# Gordon Liang review RF 16mm f/2.8



## Chaitanya (Nov 16, 2021)




----------



## koenkooi (Nov 16, 2021)

The big takeaway: the mechanical vignetting is worst at MFD, gone at infinity.


----------



## neuroanatomist (Nov 16, 2021)

koenkooi said:


> The big takeaway: the mechanical vignetting is worst at MFD, gone at infinity.
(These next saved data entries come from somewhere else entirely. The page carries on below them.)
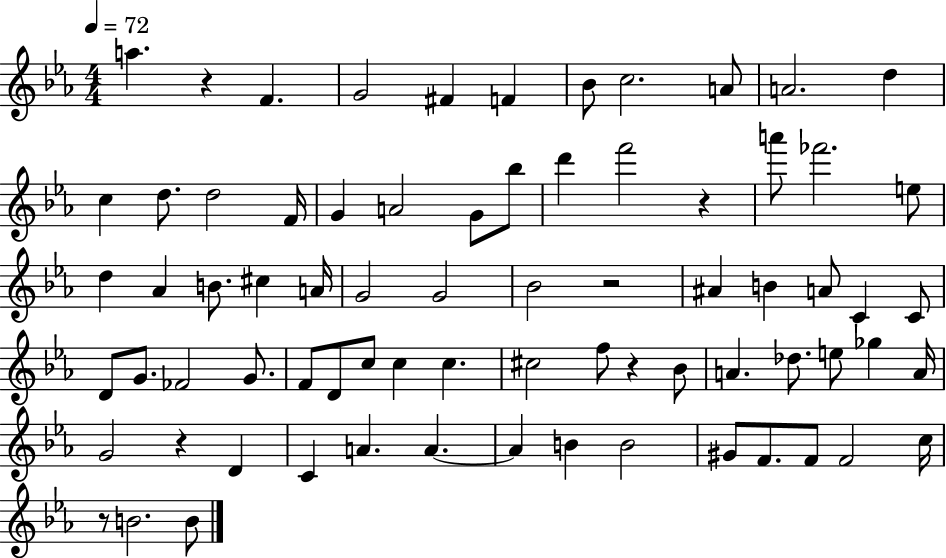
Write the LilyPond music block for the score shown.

{
  \clef treble
  \numericTimeSignature
  \time 4/4
  \key ees \major
  \tempo 4 = 72
  a''4. r4 f'4. | g'2 fis'4 f'4 | bes'8 c''2. a'8 | a'2. d''4 | \break c''4 d''8. d''2 f'16 | g'4 a'2 g'8 bes''8 | d'''4 f'''2 r4 | a'''8 fes'''2. e''8 | \break d''4 aes'4 b'8. cis''4 a'16 | g'2 g'2 | bes'2 r2 | ais'4 b'4 a'8 c'4 c'8 | \break d'8 g'8. fes'2 g'8. | f'8 d'8 c''8 c''4 c''4. | cis''2 f''8 r4 bes'8 | a'4. des''8. e''8 ges''4 a'16 | \break g'2 r4 d'4 | c'4 a'4. a'4.~~ | a'4 b'4 b'2 | gis'8 f'8. f'8 f'2 c''16 | \break r8 b'2. b'8 | \bar "|."
}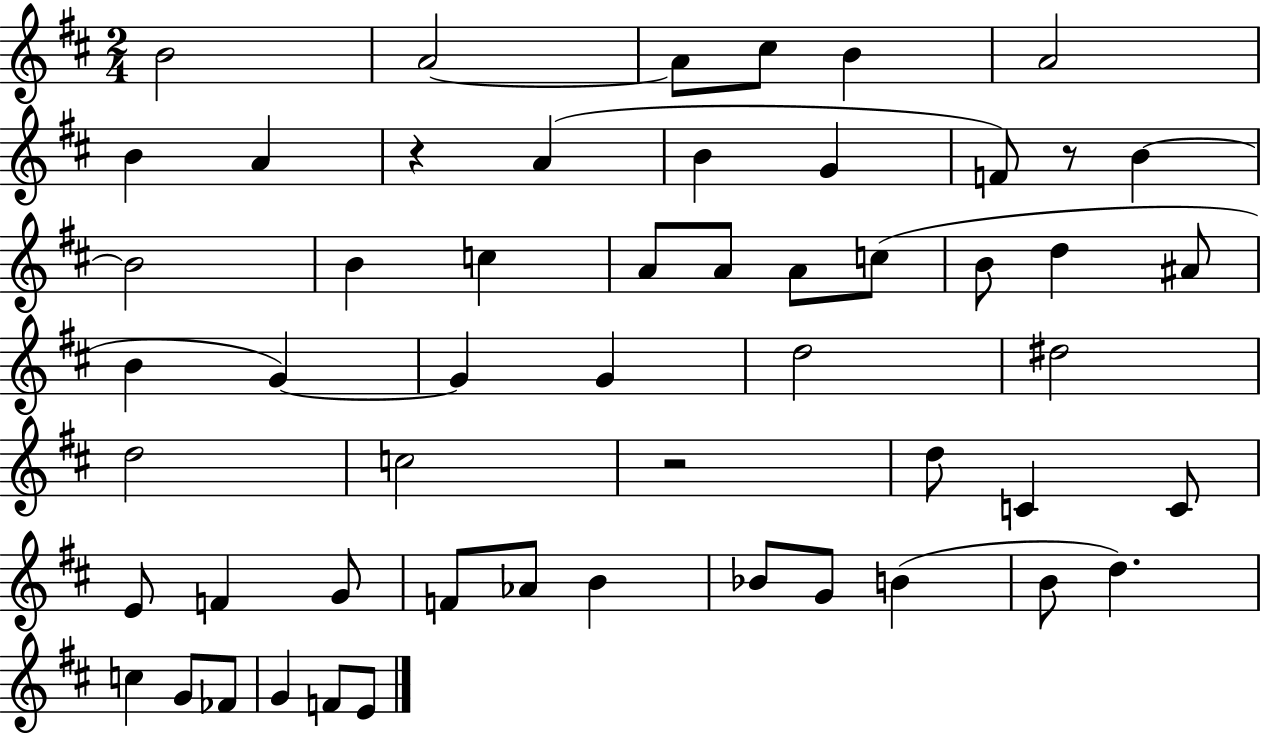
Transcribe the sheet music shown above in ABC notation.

X:1
T:Untitled
M:2/4
L:1/4
K:D
B2 A2 A/2 ^c/2 B A2 B A z A B G F/2 z/2 B B2 B c A/2 A/2 A/2 c/2 B/2 d ^A/2 B G G G d2 ^d2 d2 c2 z2 d/2 C C/2 E/2 F G/2 F/2 _A/2 B _B/2 G/2 B B/2 d c G/2 _F/2 G F/2 E/2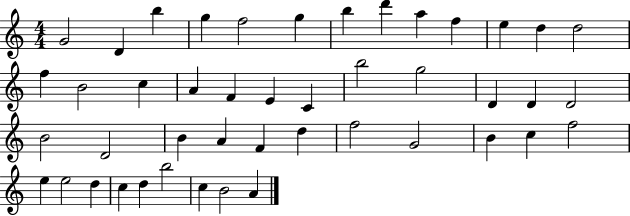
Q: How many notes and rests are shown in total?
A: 45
Focus breathing. That’s why I raised the issue in the other thread, and why I tested distortion correction of the RF 14-35 by filling the frame with the side of a 9-story building, not a test chart or brick wall a few feet away.


----------



## Frodo (Nov 20, 2021)

Very positive review. Similar sharpness to RF14-35mm, even in corners, but not quite as good as RF15-35mm. Coma didn't seem to be a big issue. It annoys me that the lens is USD 490 in New Zealand.


----------



## Frodo (Dec 17, 2021)

I bought an RF 16mm. Here are my observations following some testing:
- Sample variation can be significant. I shot jpgs with two RF 16mm's in the shop and compared the jpgs on my laptop. One was noticeably sharper than the other across the frame at f/2.8 and f/4. I looked more closely when I got home using a split screen on my monitor and this confirmed what I'd seen on my laptop in the store. There did not appear to be any inaccurate focusing in the softer lens. I experienced the same comparing two RF 50mm f/1.8 lenses.
- Raw files converted in DPP and imported as tiffs into Lightroom are significantly sharper than in-camera jpgs imported into Lightroom. For critical subjects its worth processing in DPP.
- I shot some test charts on the side of my house. There is a noticeable improvement stopping down to f/4. F/5.6 is still a little sharper.
- I compared the RF 16mm against my fully manual Samyang EF 14mm f/2.8. The Samyang is noticeably sharper and has noticeably less colour fringing than the RF lens. The difference is (not surprisingly) greatest in the corners. The RF 16mm stopped down to f/4 is still not as good as the Samyang wide open.
- I tried to manage my expectations, but I had hoped that the RF 16mm at f/4 would match the Samyang at f/2.8. That is clearly not the case. It remains to be seen if the RF16mm is usable as an astrophotography lens. I might be able to test this tonight as we will have clear skies, but an almost full moon. I am particularly interested in coma.
- As you will already know, the RF lens is much, much smaller and lighter than the Samyang, especially with adapter. It also focuses much closer. See the photo of an isopod on our beach.
- So overall, I am sure that the RF 16mm will get a lot more use than the Samyang 14mm. It is a perfect complement to my RF 24-105 f/4L, especially when I go hiking. But it looks like I will be keeping the Samyang for astro photography.


----------



## gruhl28 (Dec 17, 2021)

Frodo said:


> I bought an RF 16mm. Here are my observations following some testing:
> - Sample variation can be significant. I shot jpgs with two RF 16mm's in the shop and compared the jpgs on my laptop. One was noticeably sharper than the other across the frame at f/2.8 and f/4. I looked more closely when I got home using a split screen on my monitor and this confirmed what I'd seen on my laptop in the store. There did not appear to be any inaccurate focusing in the softer lens. I experienced the same comparing two RF 50mm f/1.8 lenses.
> - Raw files converted in DPP and imported as tiffs into Lightroom are significantly sharper than in-camera jpgs imported into Lightroom. For critical subjects its worth processing in DPP.
> - I shot some test charts on the side of my house. There is a noticeable improvement stopping down to f/4. F/5.6 is still a little sharper.
> ...


I bought one too. I haven't had a chance to shoot much yet, but I agree that, despite what we've seen in resolution charts in some reviews, the corners do get noticeably sharper as you stop down. All the talk about the corners staying the same because they are "made up" data or because of the distortion correction are incorrect. Maybe at very close distances the corners don't sharpen much, I haven't tested that yet, but at longer distances they do sharpen up. I did a quick comparison to the 10-22 APS-C lens at 10mm f/3.5 and they seem roughly comparable, but I need to compare more carefully to be sure of the results.


----------